Irgendwann macht Engel nach weiteren Ausflügen durch die heutige Trendforschung eine Kehre: „Ich möchte jedem empfehlen, sie auszuprobieren, Sie werden besser für die Zukunft gerüstet sein und Ihre Strategien genauer auf den Wandel ausrichten. Nur denke ich, man muss ab und zu noch einen Schritt weitergehen, eins draufsetzen. Und hier überschreiten wir die Grenze zum Unseriösen. Seriös wäre es zu sagen: Wir wissen nichts über die Zukunft und worüber man nicht reden kann, darüber muss man schweigen. Unseriös ist es, die vornehme Zurückhaltung aufzugeben: spekulieren, spinnen, spielen. Mit Gedanken, mit Worten, mit Bleistiften, Klebstoff, Lötkolben oder was auch immer.“ Artistic Research arbeite an der Schnittstelle zwischen künstlerischer Praxis, Theater- und Medienwissenschaft, Pädagogik, Kultur- und Sozialwissenschaften.

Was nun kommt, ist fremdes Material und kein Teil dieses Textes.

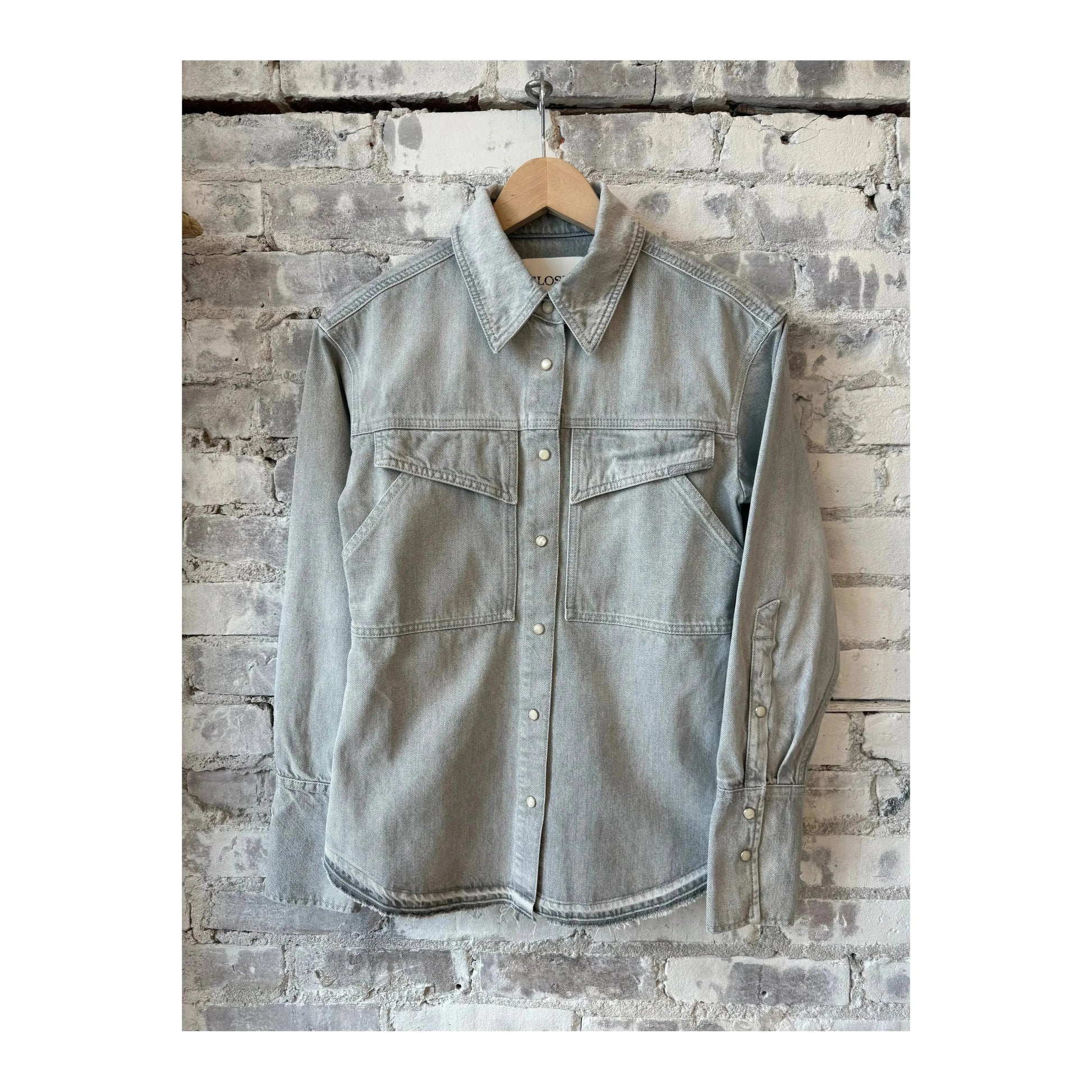 Light grey women's denim shirt by Closed, featuring classic button-down style and casual fit, shown on a model.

Ein Vertreter dieser großen bekannten Trendforscher ist das Zukunftsinstitut mit Sitz in Frankfurt und Wien. Diesmal soll es aber nicht nur um die Fortschreibung der Zukunft gehen, sondern darum, die Gesellschaft in ihrem Wandel überhaupt erst einmal zu verstehen. Sie in Grundmuster einzuteilen, anhand derer sich überhaupt so etwas wie Zielgruppen definieren lassen. Die Studie des Zukunftsinstituts („Lebensstile: Kunden verstehen. Märkte erobern!“) teilt die deutsche Gesellschaft datengestützt und trendbasiert in 18 Lebensstile ein. So wollen die Trendforscher aufzeigen, wie die Deutschen heute leben und was ihnen morgen wichtig sein wird. Der gesellschaftliche Wandel, der die rein datenbasierte Analyse der Gesellschaft erschwert, wird zum zentralen Element definiert. Über 30.000 Datensätze der „Best for planning“-Befragung stützen die Gesellschaftsanalyse des Zukunftsinstituts. „Unsere Lebensstil-Typologie basiert auf den wichtigsten Trends unserer Zeit – und ist damit prognostisch“, sagt Studienleiterin Verena Muntschick. Trends wirken in der Gegenwart und prägen die Gesellschaft der Zukunft mit. Trends können zum Mainstream werden. Jeder der 18 Lebensstile stehe repräsentativ als strukturelle Kategorie für bestimmte Werte, Einstellungen, Eigenschaften und Handlungsmuster, die sich in der Gesellschaft manifestiert haben.
Stilwelten Auswahl I
„Der Big-Data-Ansatz, der eine Vermessung und Verortung der Menschen bis ins letzte Detail verspricht, führt nicht wirklich näher an die Menschen heran: Er fragmentiert und verstellt uns die Sicht auf ein ganzheitliches Bild“, sagt Muntschick. Problematisch werde es für Unternehmen, wenn sie an der Menge ihrer Kundendaten zu ersticken drohen, weil Zusammenhänge und die hinter Kaufentscheidungen liegenden Motive der Menschen kaum noch zu erkennen sind. „Wir liefern zu jedem Lebensstil eine Einschätzung, warum wir diesen für wichtig und beachtenswert halten, wie man die Menschen aus den unterschiedlichen Lebensstilgruppen am besten erreicht und welche Grundbedürfnisse es anzusprechen gilt“, ergänzt Co-Autor Philipp Hofstätter. Mit dem Relations Mapping, das das Zukunftsinstitut entwickelt hat, sei es möglich zu verstehen, zu welchen Gruppen sie bereits in Beziehung stehen und zu welchen sie leicht eine Beziehung aufbauen könnten.